1 Minute of Verlet Integration: Supplementary materials

· 7 min read

Maintainer

I've made a video recently on one of my favourite methods for solving Newton's equations. It is available on YouTube Shorts 🎥

It wasn't clear to me if this is worth a full article or just a short comment.
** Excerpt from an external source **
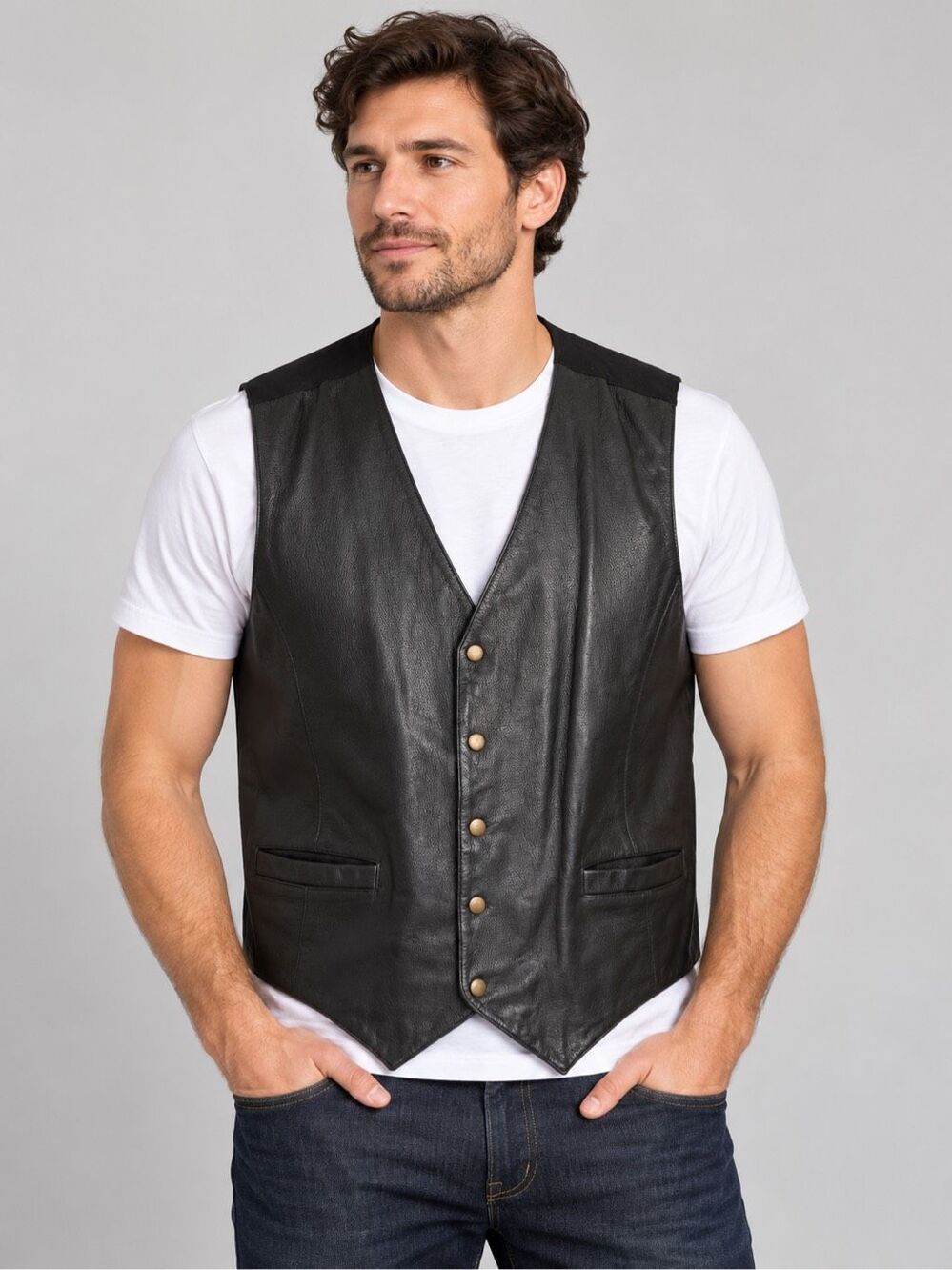 Wilsons Leather Men’s XL Black Genuine Leather Biker Motorcycle Vest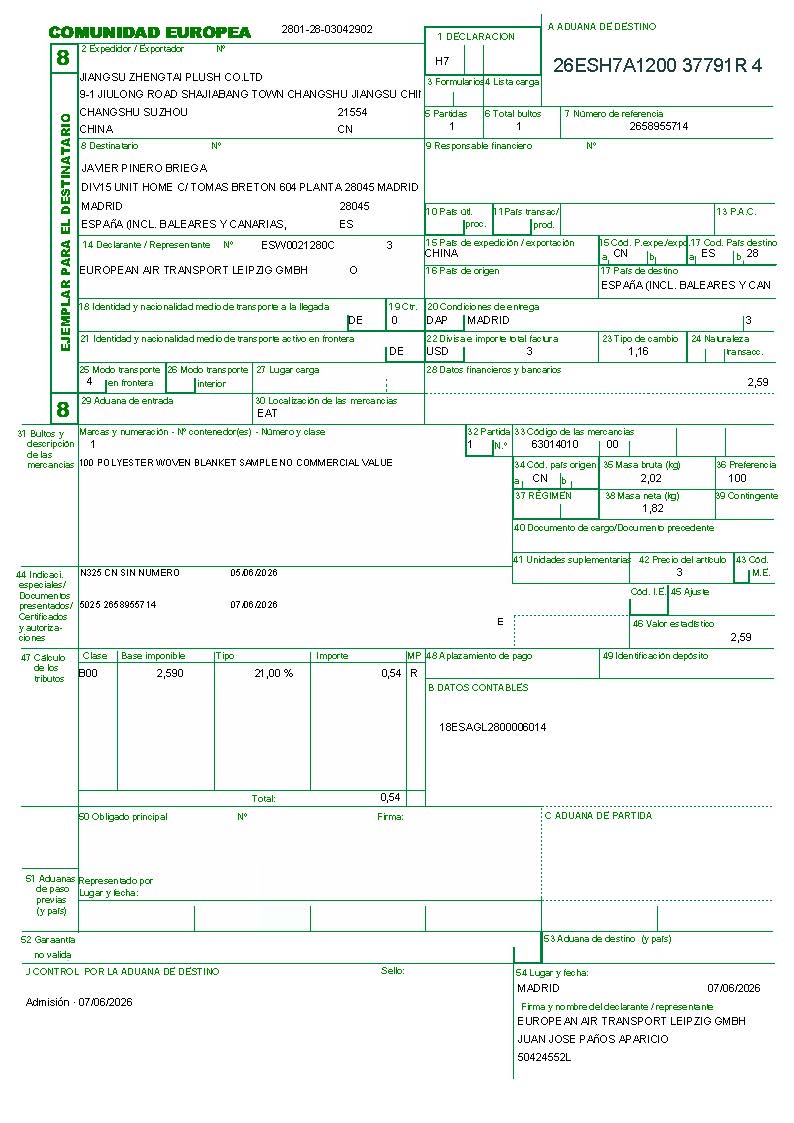 Spain EU customs declaration DHL shipment 2658955714 sample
Let me start with a supplementary material for the video first, and then we shall see...

Actual Video

Download original notebook

I've already published a blog post on the Verlet method, briefly mentioning the ideas behind it.

Basics

All credit goes to these people:

As shown in the video, a simple idea leads us to the following numerical solution of both kinematic and dynamic problems:

x_{n+1} = 2 x_{n} - x_{n-1} + \delta^{2} f_{n}/m

where $n$ represents the number of iterations.

Implementation

The aforementioned equation translates nicely into computer code. Here, for demonstration purposes, I am going to use our beloved sandbox, the WLJS Notebook:

With[{uid = CreateUUID[], ball = Unique["ball"]},
  ball = Table[{0,0}, {3}];
  
  EventHandler[uid, Function[Null,
    ball[[3]] = ball[[2]];
    ball[[2]] = ball[[1]];
    
    ball[[1]] = 2 ball[[2]] - ball[[3]] + {0,-1} 0.01;
    If[ball[[1, 2]] < -1.0, ball[[{1,2}]] = ball[[{2,1}]]]; 
    
    ball = ball;
  ]];

  Graphics[{
    {Gray, Line[{{-1,0}, {1,0}}]},
    Point[ball[[1]]//Offload],
    AnimationFrameListener[ball//Offload, "Event"->uid]
  }, PlotRange->{{-1,1}, {-1,1}}]
]

(*VB[*)(Graphics[{{GrayLevel[0.5], Line[{{-1, 0}, {1, 0}}]}, Point[Offload[ball57[[1]]]], AnimationFrameListener[Offload[ball57], "Event" -> "55d577c9-f698-407b-b32f-b86a5f472c4a"]}, PlotRange -> {{-1, 1}, {-1, 1}}])(*,*)(*"1:eJyNkEtuwjAQhkNLH1yAfaVuIyEaY1ghFtAuIhGFE4wTGywZGzluJG7LTcB2gJBkwyx+zcP/N9Z8EZWyXhAERd/KnxI5e3HVp5VfDYcdzwr2epvHvDDV/F5576B6fYxpSYUOfJzmNTfmkrZ8jYqfbXDnavUdoep71puVRHF5XfthZc2YUJDXvgS0Kd5tQkAIhD2img6tLCTfg+FKrjTsqdtBJdUd3AOgJqf/gm7cF5YllWbzbTOEcoRxNgvZZDYNoxEmIfkZs5BMJ4BYhMdZBE2Av1UilElBbp84Sq97lHv/AnqhZB4="*)(*]VB*)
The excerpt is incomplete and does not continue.